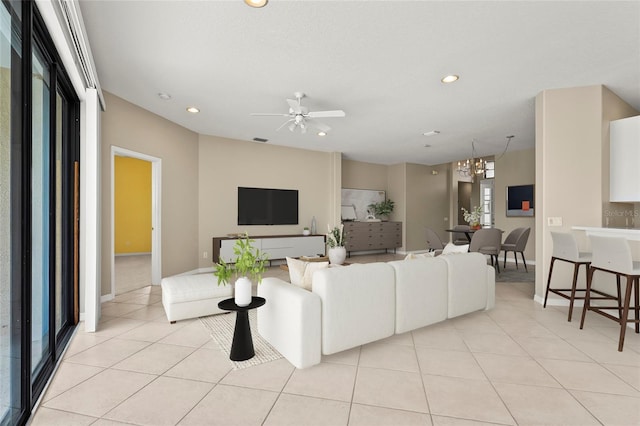 8118 Stirling Falls Cir, Sarasota, FL 34243 - living room with recessed lighting, light tile patterned floors, and ceiling fan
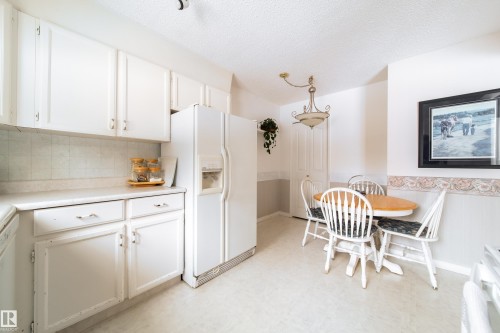 The property features a kitchen with white cabinetry, a side-by-side refrigerator, and a dedicated dining area with a chandelier - 11 Granada Place, St. Albert, AB - Indoor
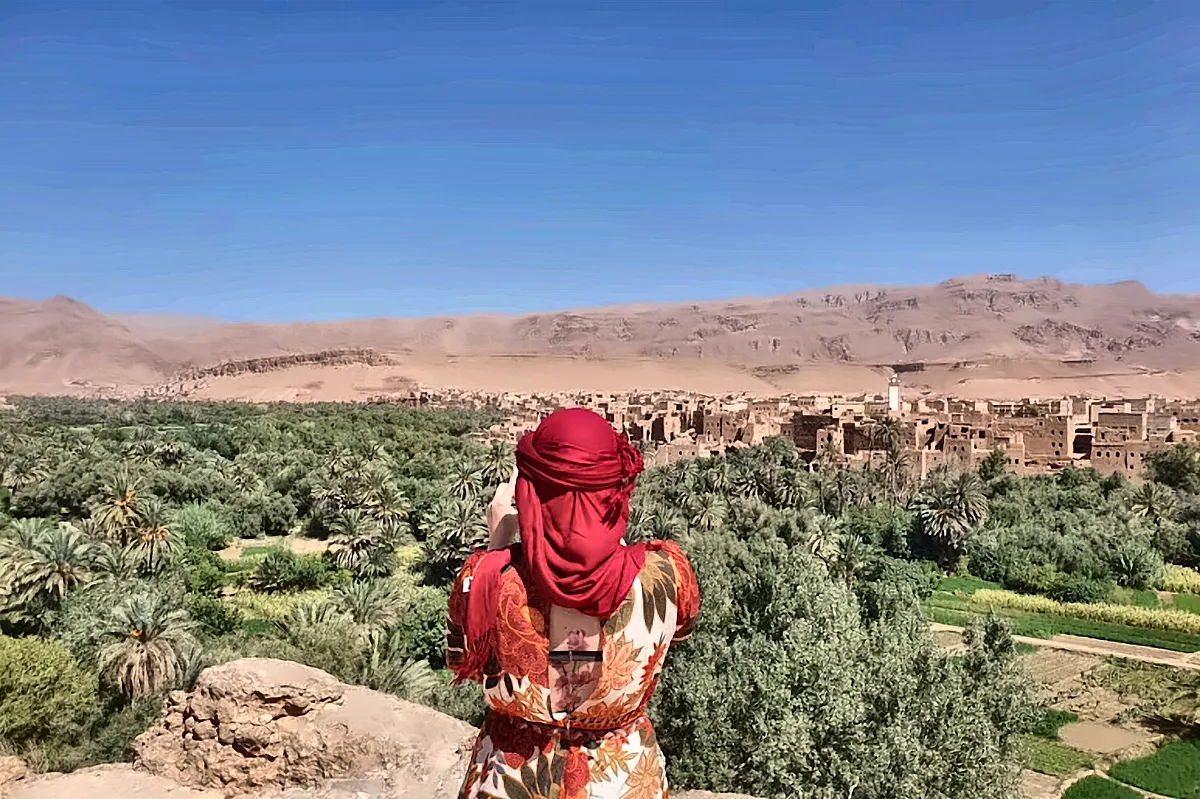 Una viaggiatrice con il foulard rosso guarda la valle del Dades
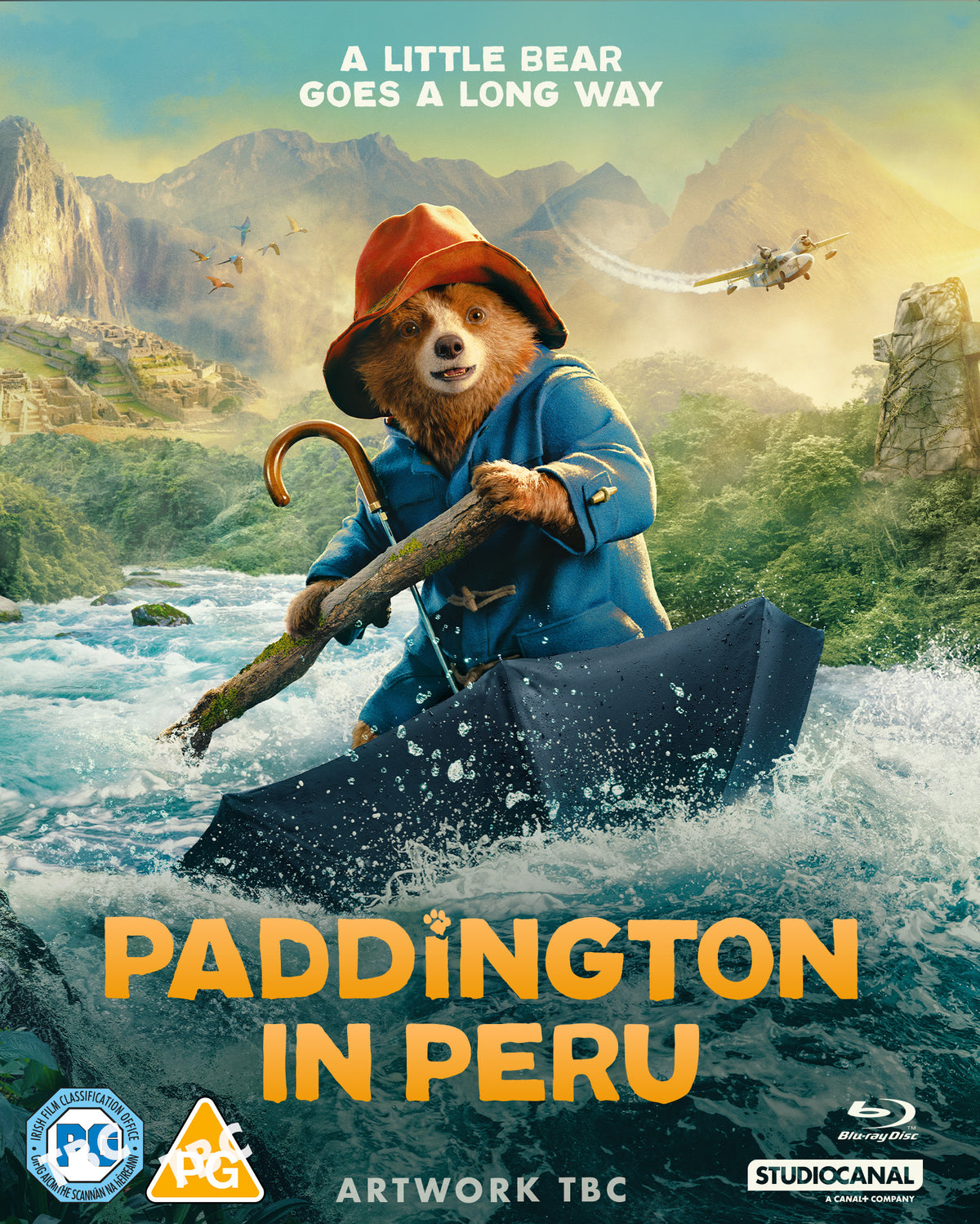 Paddington Bear rides a suitcase down a rushing river in Peru.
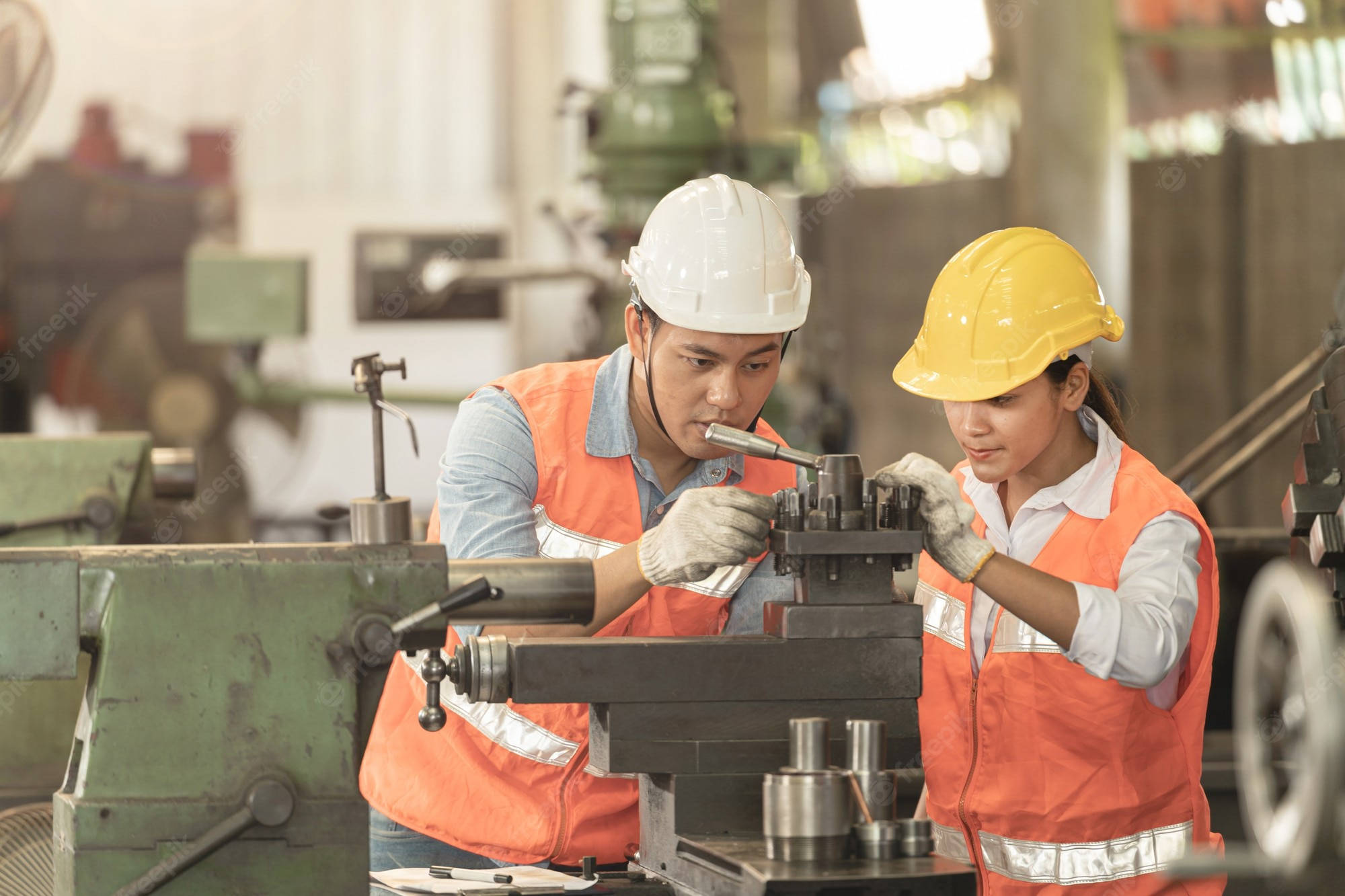 machines 桌布 壁紙 — 兩名戴著安全帽和橙色背心的工廠工人在繁忙的工業車間中緊密合作操作金屬加工機器。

→ Prompt: In your output, include only the lines from the line containing "The property features" through the last line of the material above, exactly as they appear, and leave out the pictures.

→ Result of the exercise:
 The property features a kitchen with white cabinetry, a side-by-side refrigerator, and a dedicated dining area with a chandelier - 11 Granada Place, St. Albert, AB - Indoor
 Una viaggiatrice con il foulard rosso guarda la valle del Dades
 Paddington Bear rides a suitcase down a rushing river in Peru.
 machines 桌布 壁紙 — 兩名戴著安全帽和橙色背心的工廠工人在繁忙的工業車間中緊密合作操作金屬加工機器。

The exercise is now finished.